INSTRUCTIONS TO FOLLOW → Output each line of the data below exactly, omitting any image.

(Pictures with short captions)
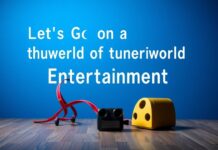 Eğlencenin Dünyasında Gezintiye Çıkalım: Sinema, Müzik ve Oyunlar Let's Go on a Journey in the World of Entertainment: Cinema, Music, and Games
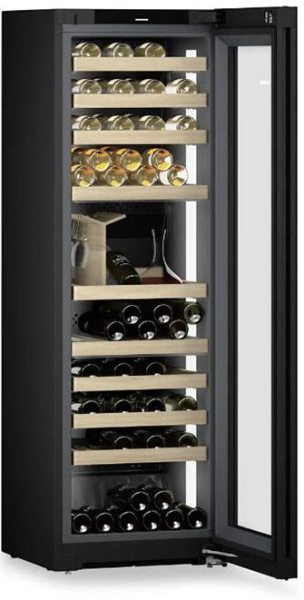 Винный шкаф Liebherr WPgbi 5283 Vinidor Selection - купить за 638&nbsp;000.42 ₽ в Москве с доставкой по РФ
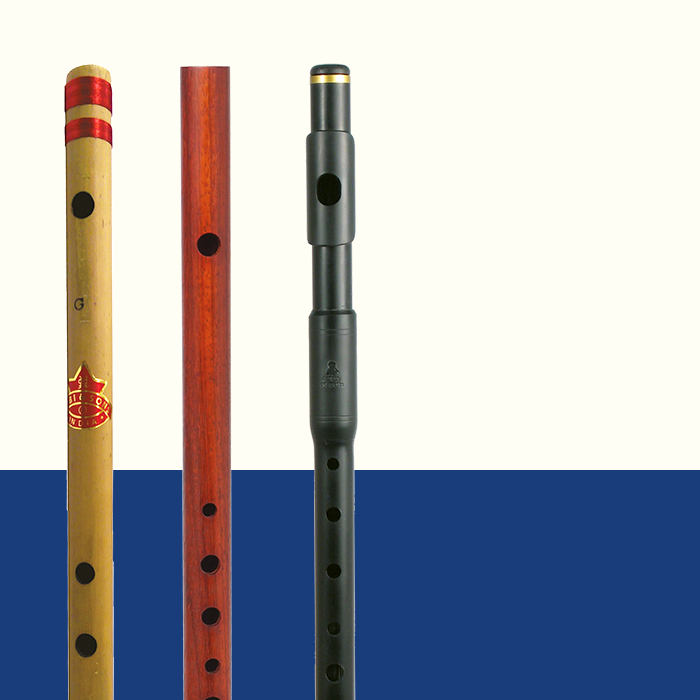 Simple System Flutes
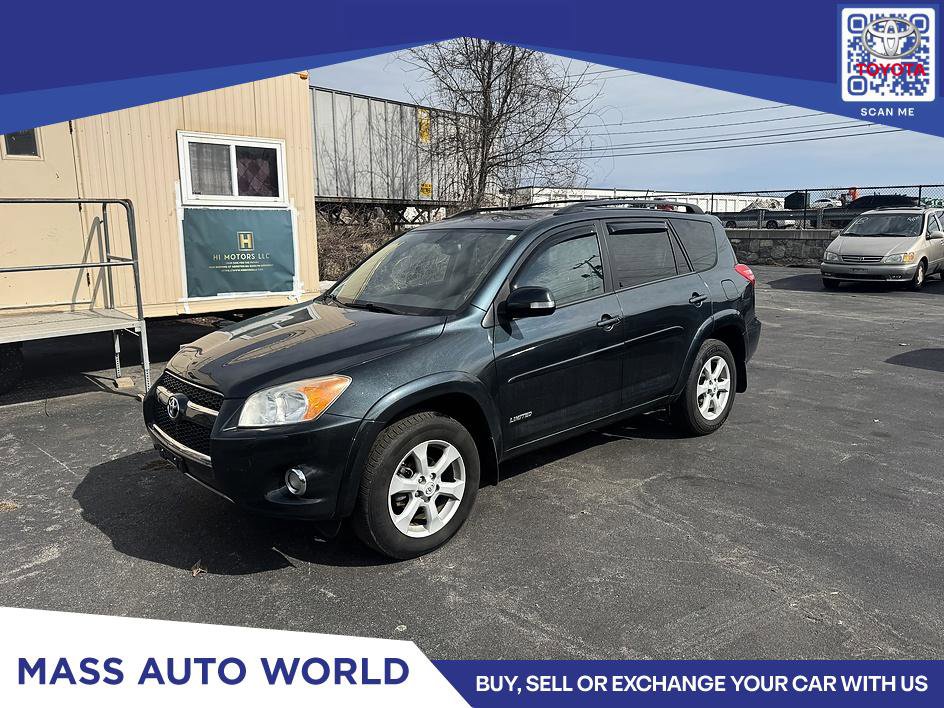 Used 2012 Toyota RAV4 Limited w/ Premium Plus Value Pkg image 2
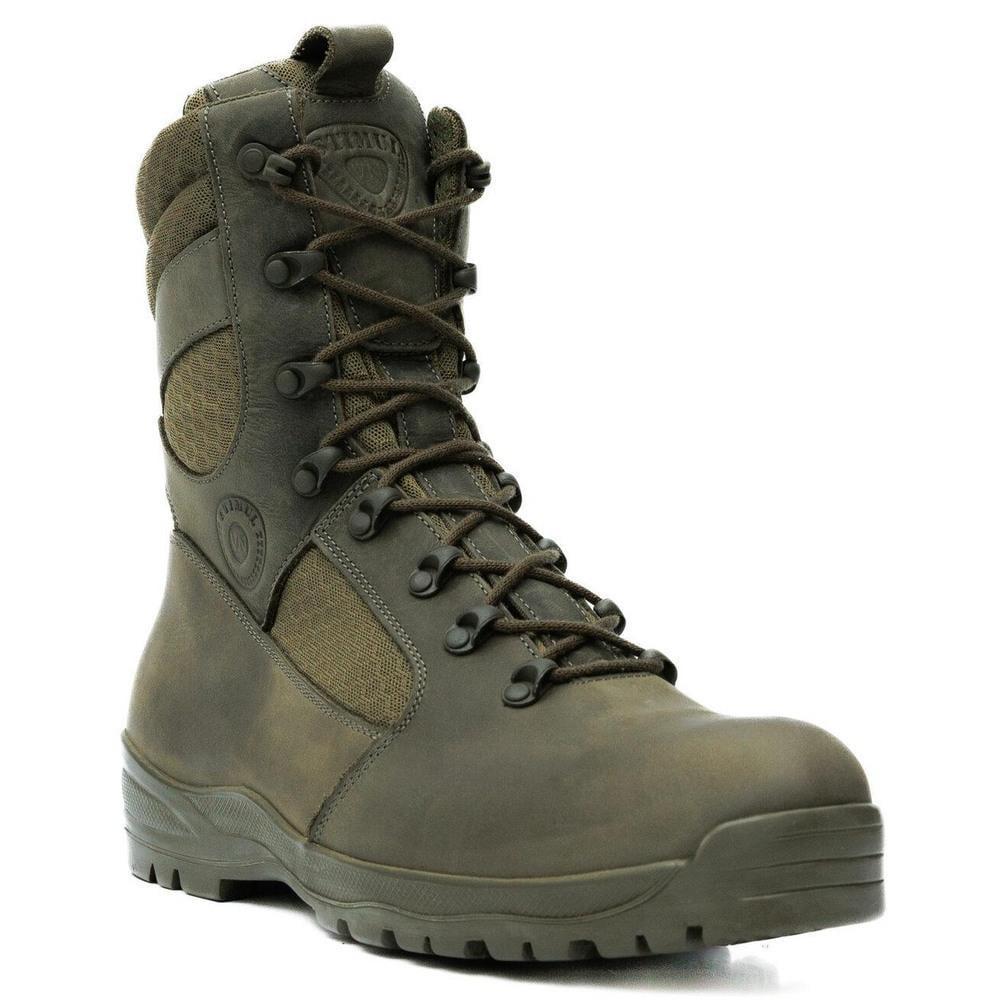 Берці туристичні Стимул Козак р. 44 демісезон/полегшені Оливковий - фото 4 Берці туристичні Стимул Козак р. 44 демісезон/полегшені Оливковий - фото 4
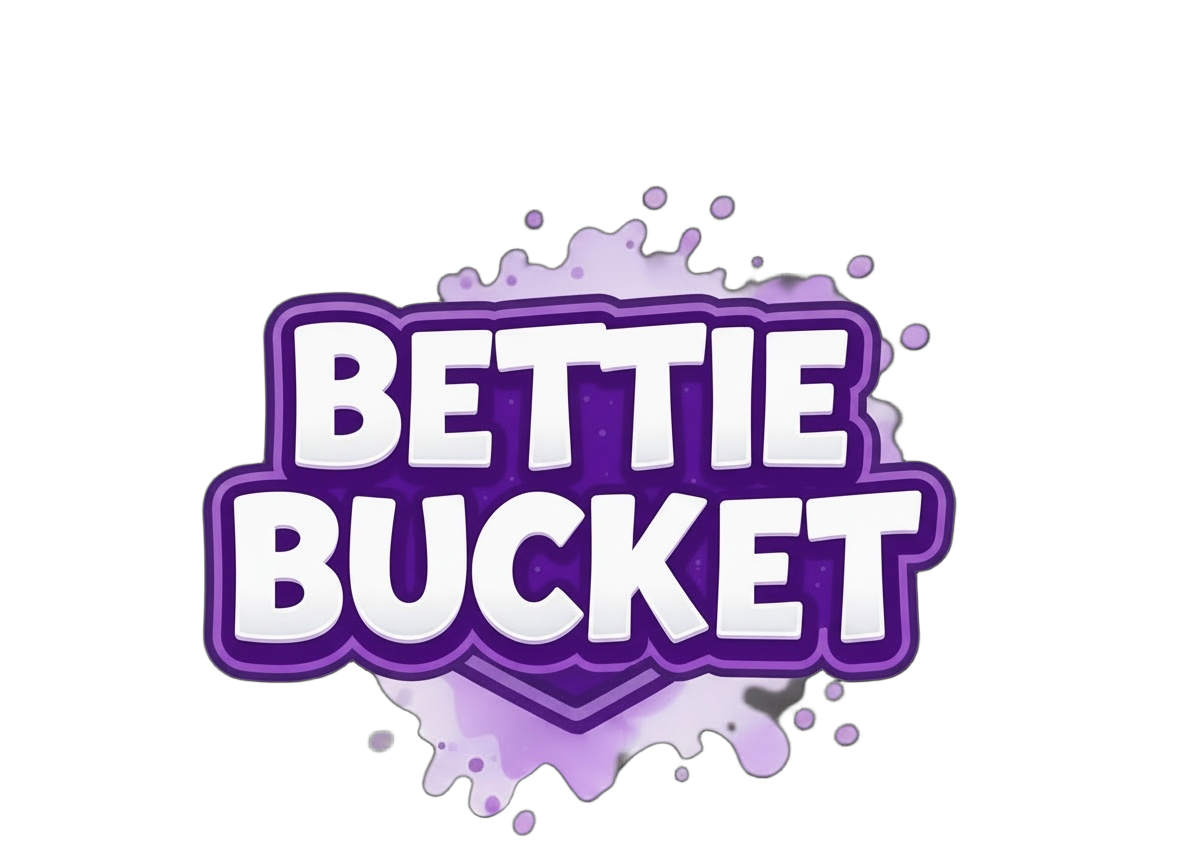 Bettie Bucket logo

RESPONSE TO THIS EXERCISE →
 Eğlencenin Dünyasında Gezintiye Çıkalım: Sinema, Müzik ve Oyunlar Let's Go on a Journey in the World of Entertainment: Cinema, Music, and Games
 Винный шкаф Liebherr WPgbi 5283 Vinidor Selection - купить за 638&nbsp;000.42 ₽ в Москве с доставкой по РФ
 Simple System Flutes
 Used 2012 Toyota RAV4 Limited w/ Premium Plus Value Pkg image 2
 Берці туристичні Стимул Козак р. 44 демісезон/полегшені Оливковий - фото 4 Берці туристичні Стимул Козак р. 44 демісезон/полегшені Оливковий - фото 4
 Bettie Bucket logo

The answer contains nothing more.